Captioned web image data:

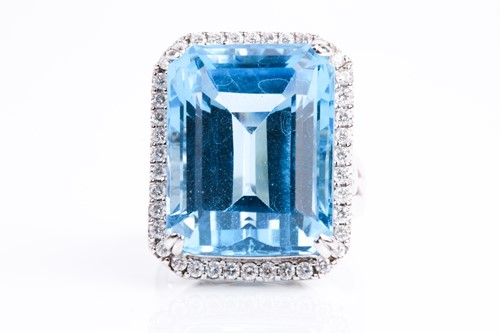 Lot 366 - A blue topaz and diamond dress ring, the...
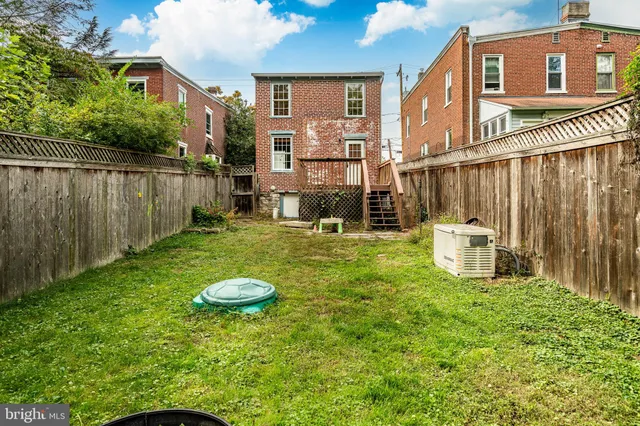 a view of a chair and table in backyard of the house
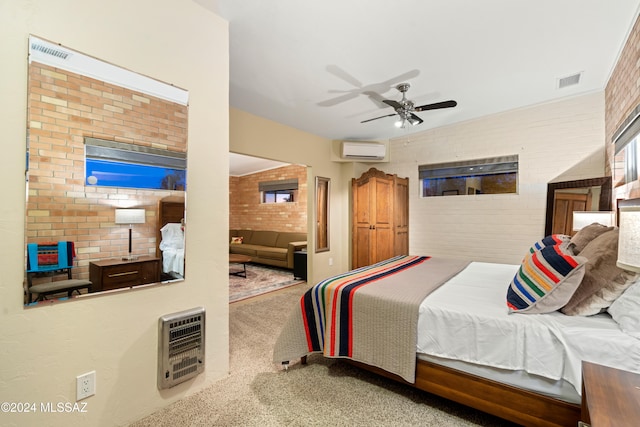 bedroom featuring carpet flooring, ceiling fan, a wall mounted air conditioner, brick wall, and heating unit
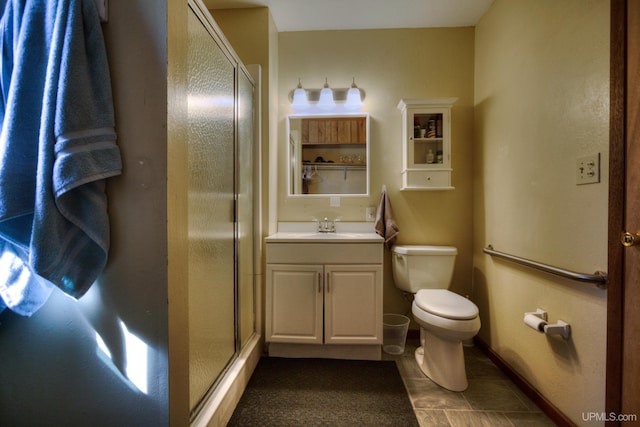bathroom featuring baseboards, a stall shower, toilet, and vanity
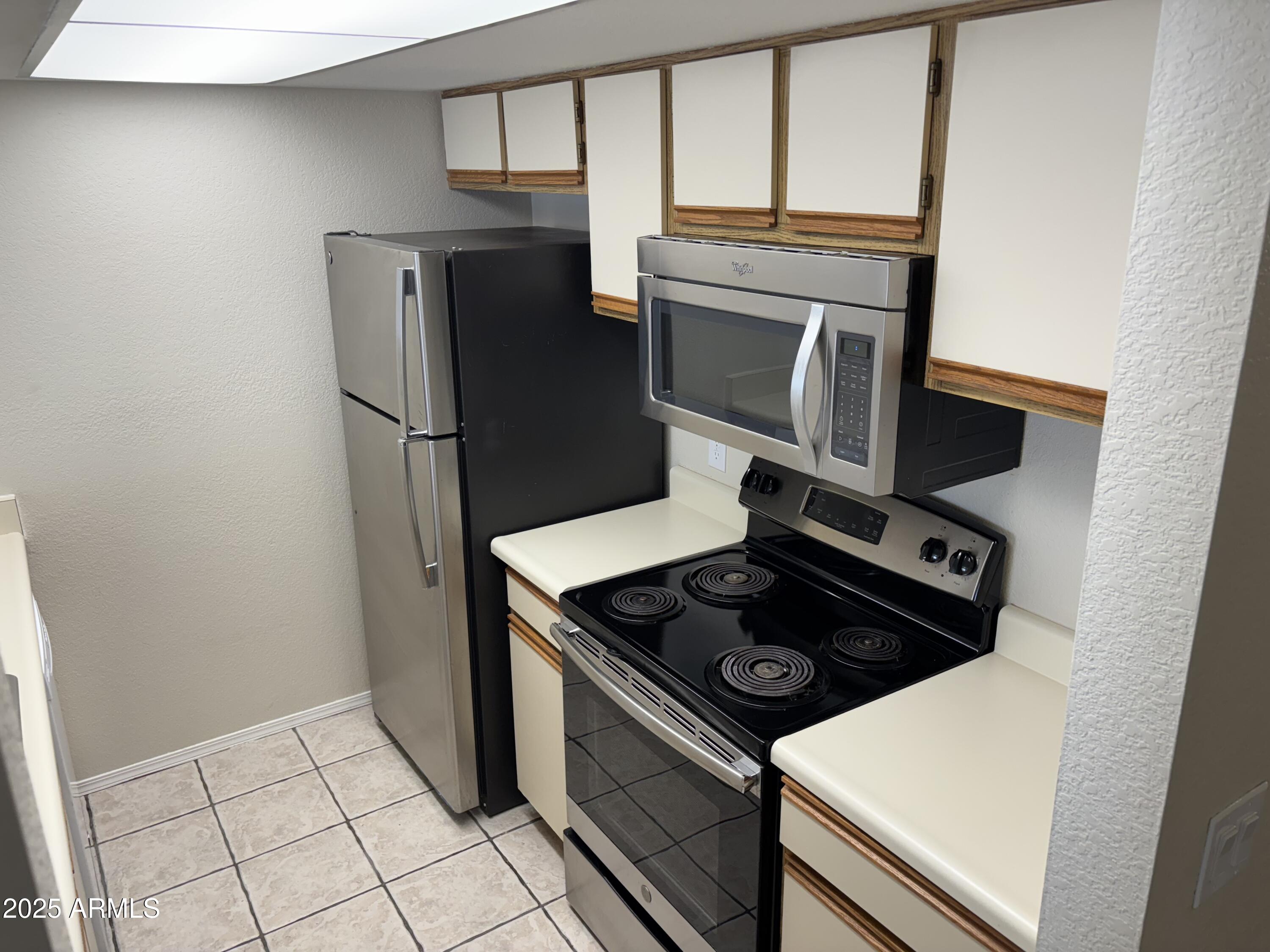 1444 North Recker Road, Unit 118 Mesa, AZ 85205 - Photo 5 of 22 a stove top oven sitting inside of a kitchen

**What the exercise asks:**
Every record must be returned exactly. Leave its pictures out.

**Answer:**
 Lot 366 - A blue topaz and diamond dress ring, the...
 a view of a chair and table in backyard of the house
 bedroom featuring carpet flooring, ceiling fan, a wall mounted air conditioner, brick wall, and heating unit
bathroom featuring baseboards, a stall shower, toilet, and vanity
 1444 North Recker Road, Unit 118 Mesa, AZ 85205 - Photo 5 of 22 a stove top oven sitting inside of a kitchen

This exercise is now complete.